Hello First-Years!
We hope your first week of classes is going well! We wanted to share two American Studies courses that still currently have available seats for students who are interested: AMST BC2001: Third World Studies and AMST BC1030: Everything for Everyone: Social Movement. You can find more information on these courses down below!

AMST BC2001: Third World Studies
Meets: MW 2:40PM- 3:55PM
Location: 302 Barnard Hall
Instructor: Manu Karuka
Link to course on CU Course Directory
Course description: Between 1967 and 1969, groups of American Indian, Black, Chinese, Filipino, Japanese, Mexican, and Puerto Rican college students began to articulate demands for a transformed university, touching everything from admissions, relations to community, and curriculum. Their proposals contributed to the Third World Liberation Front strike at San Francisco State University, the longest student strike in US history. Drawing inspiration from Gary Okihiro, founding director of Columbia’s Center for the Study of Ethnicity and Race, this course takes student activists’ proposals for Third World Studies seriously. Our readings will draw on the traditions of anti-racist and anti-colonial struggle in North America, alongside perspectives from Africa, Asia, and Latin America.
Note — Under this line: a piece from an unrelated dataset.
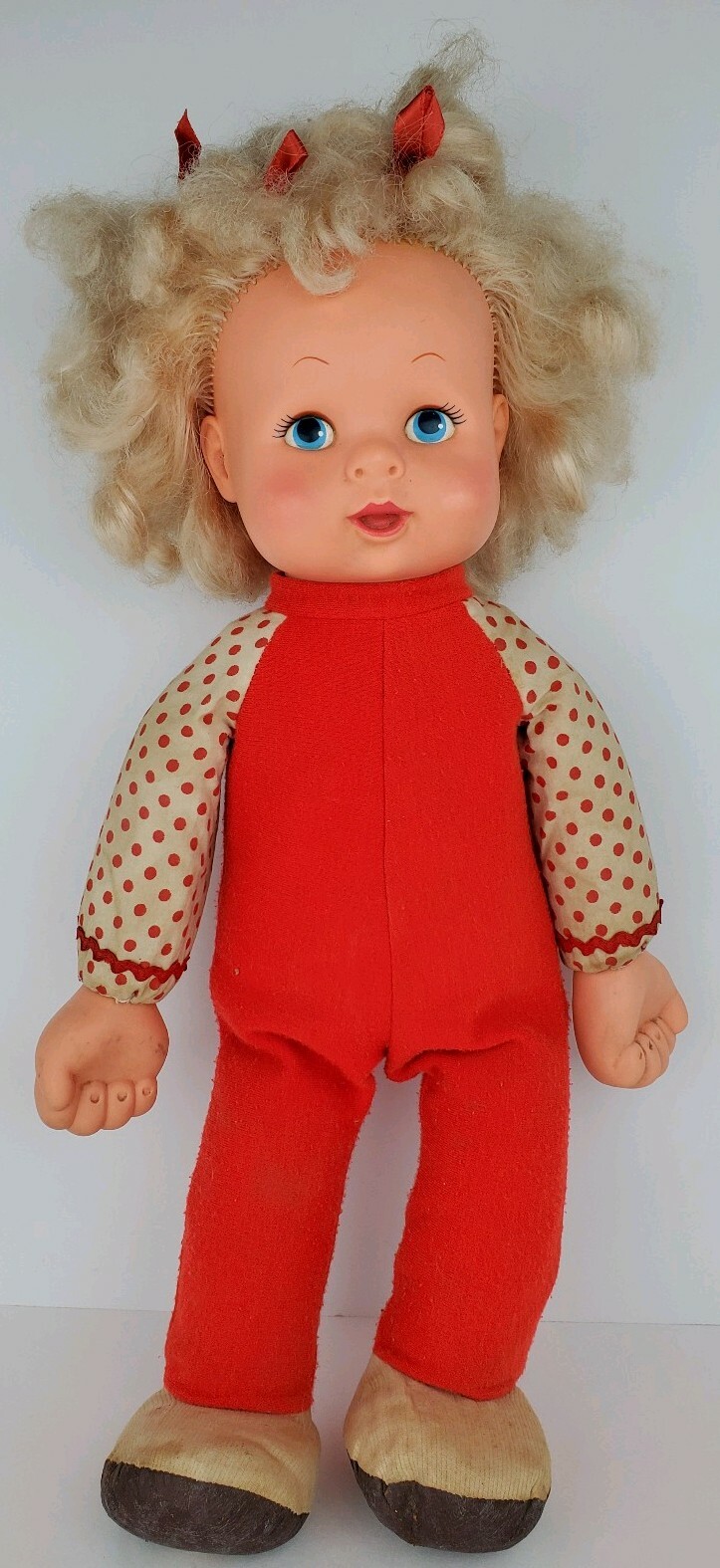 Vintage Hasbro Walking Baby Loves You Blonde Hair Blue Eyes 19" Toy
AMST BC1030: Everything for Everyone: Social Movement
Meets: MW 8:40AM - 9:55AM
Location: 302 Barnard Hall
Instructor: Dani Joslyn
Link to course on CU Course Directory
Course description: Over the past months, social movements have captured the nation’s attention: from protests against immigration enforcement to Zohran Mamdani’s campaign for mayor of New York City. From the Haitian and American Revolutions to the campaign for an eight-hour day, the Civil Rights movement, indigenous demands for land back, and Black Lives Matter, this course will explore the long history of movements for economic and social justice across North America. Questions that we will explore together include: how have different groups demanded economic justice over the past two hundred years? What lineages and breaks can we trace in these efforts? What divisions emerged among and within various movements over time? How did groups debate and disagree over the concept of “socialism” and what their ideal visions of liberated society would be? What role have race and gender played as dividing lines and as sites of new liberatory forms of struggle?